Contrôle des comptes de gestion des mesures de protection juridique

Alors que le nombre de majeurs protégés est en constante augmentation, le rapport de la Cour des comptes d'octobre 2016 illustre certains dysfonctionnements dans le contrôle effectif des mesures. Ainsi, dans le cas du décès du majeur protégé, l'article 514 du Code civil prévoit l'obligation pour le tuteur de remettre aux héritiers (ou au notaire désigné par eux), dans les trois mois du décès, les pièces nécessaires pour assurer la liquidation de la succession, ainsi que l'inventaire initial et les actualisations auxquelles il a donné lieu. Or si le juge des tutelles est habilité au contrôle pendant la durée de la mesure, il est automatiquement dessaisi dans le cas du décès du majeur protégé. C'est alors le notaire chargé de la succession qui prend le relais, bien que le Code civil ne lui donne aucun pouvoir d'injonction clairement défini pour obtenir la reddition des comptes.

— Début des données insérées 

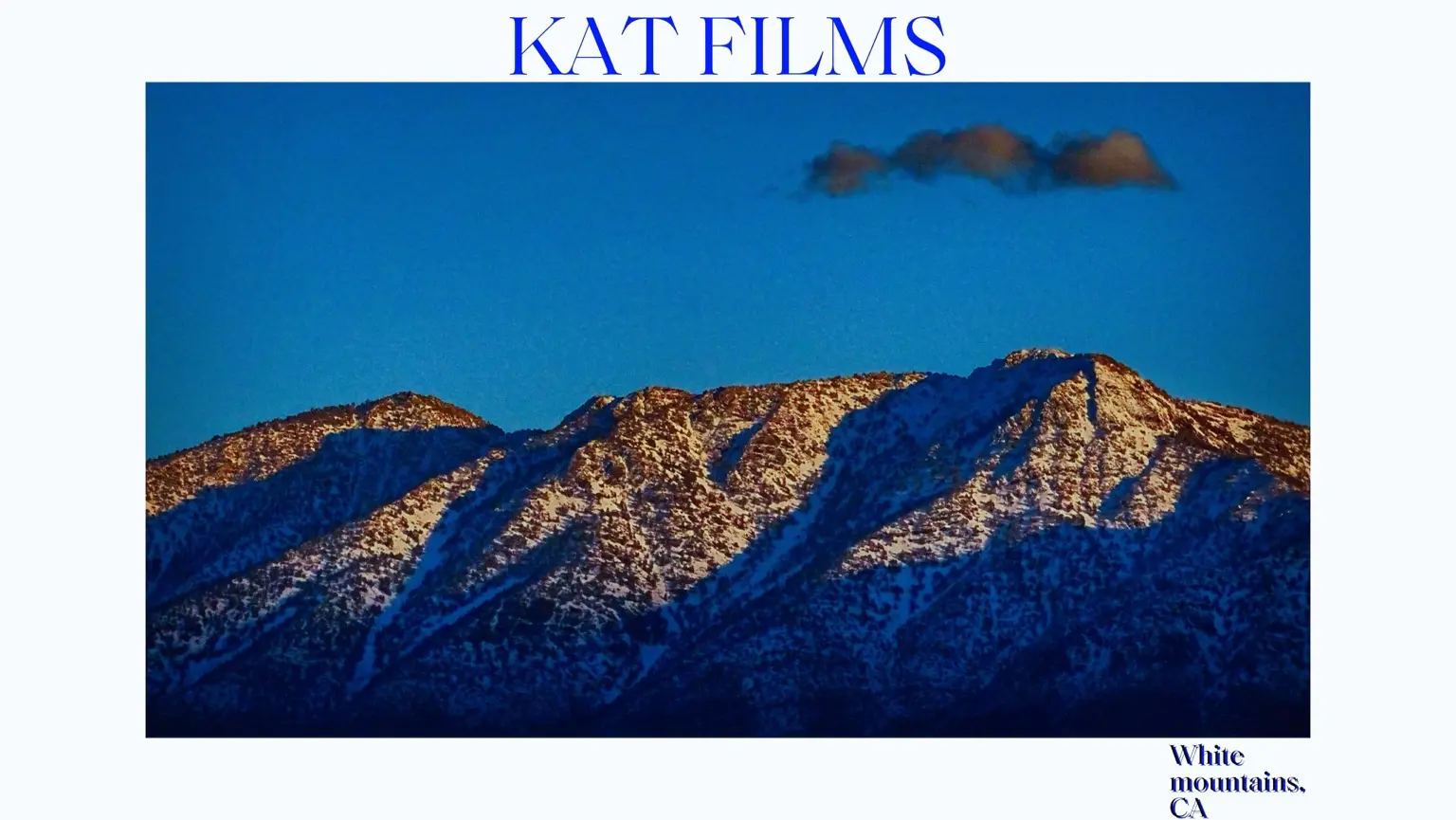 Blue-hour light on a Sierra mountain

Si les héritiers en contestent le contenu ou si le compte n'est pas rendu, ils peuvent intenter, sur les fondements de l'article 515 du Code civil, une action en reddition des comptes auprès du tribunal de grande instance. Cependant, une action en justice peut facilement décourager les héritiers pourtant dans leur bon droit.

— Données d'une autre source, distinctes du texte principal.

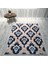 Yıkanabilir Kaymaz Taban Desen 020 Mavi 80 x 150 cm Dijital Baskı Halı 1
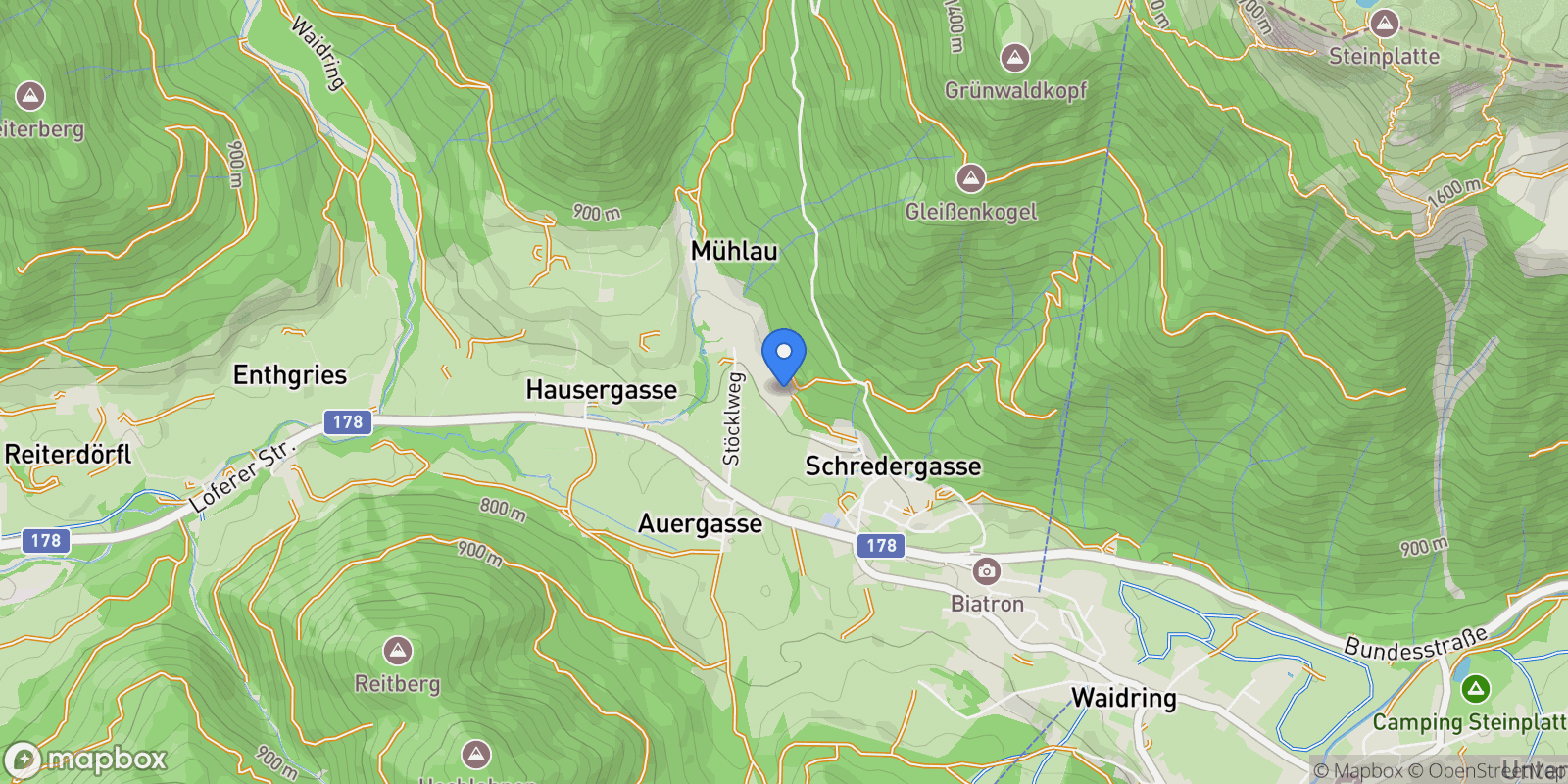 Map showing Stöcklleite, Waidring, Tyrol, Austria.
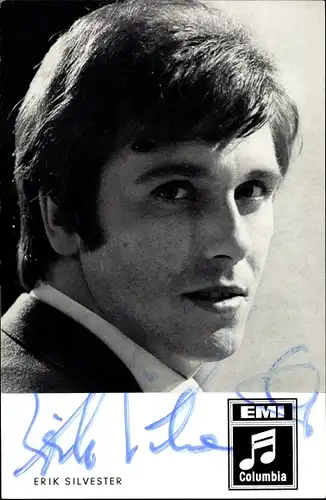 Ak Sänger Erik Silvester, Portrait, Autogramm, Emi Columbia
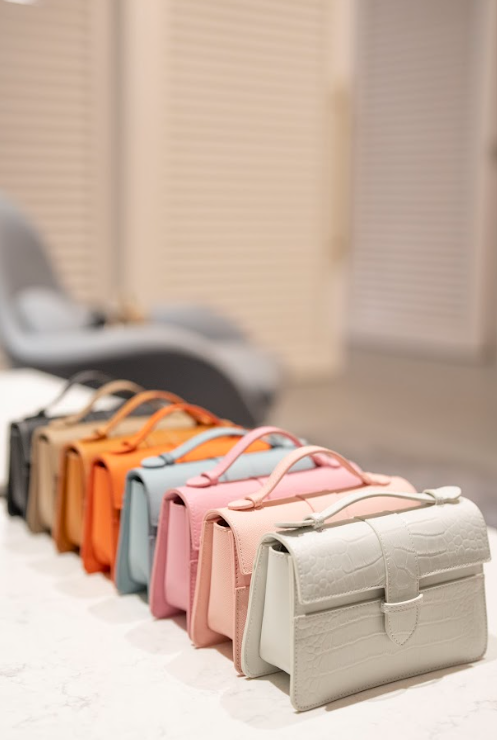 Chez La Mer Lille Bag Orange Epsom Leather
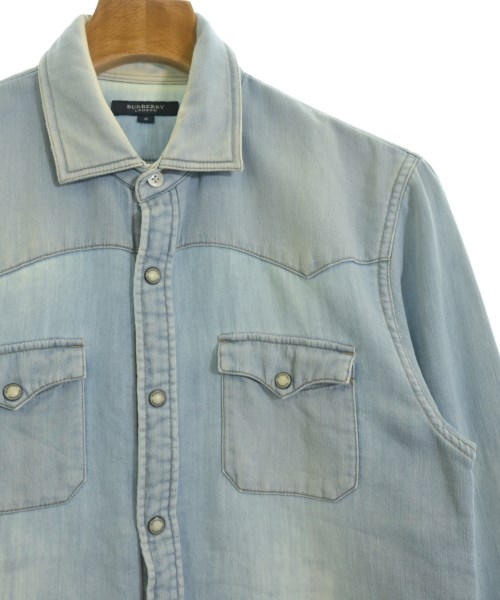 BURBERRY（バーバリー）カジュアルシャツ 青 サイズ:S メンズ/2200620272292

La ministre de la Justice est interrogée sur la possibilité de prévoir la prolongation du contrôle des tuteurs par le juge des tutelles sans rupture dès le décès de la personne protégée, afin d’éviter les risques de failles dans la bonne reddition des comptes.

Cette dernière rappelle que la loi de programmation 2018-2022 et de réforme pour la justice (L. n° 2019-222, 23 mars 2019, art. 30) a profondément modifié les modalités du contrôle des comptes de gestion des mesures de curatelle renforcée et de tutelle pour lui rendre toute son effectivité. Ainsi, le contrôle des comptes de gestion des mesures de protection est à la charge du subrogé tuteur ou curateur, du tuteur ou curateur adjoint, lorsqu'ils ont déjà été désignés dans une mesure.

Lorsque des cotuteurs ou co-curateurs ont déjà été désignés pour exercer la mesure de protection, ils établissent les comptes ensemble et les adressent au juge en indiquant éventuellement l'existence d'une difficulté. Un décret d'application doit être publié avant le 31 décembre 2023 afin d'organiser le contrôle des comptes par un professionnel qualifié (C. civ., art. 512).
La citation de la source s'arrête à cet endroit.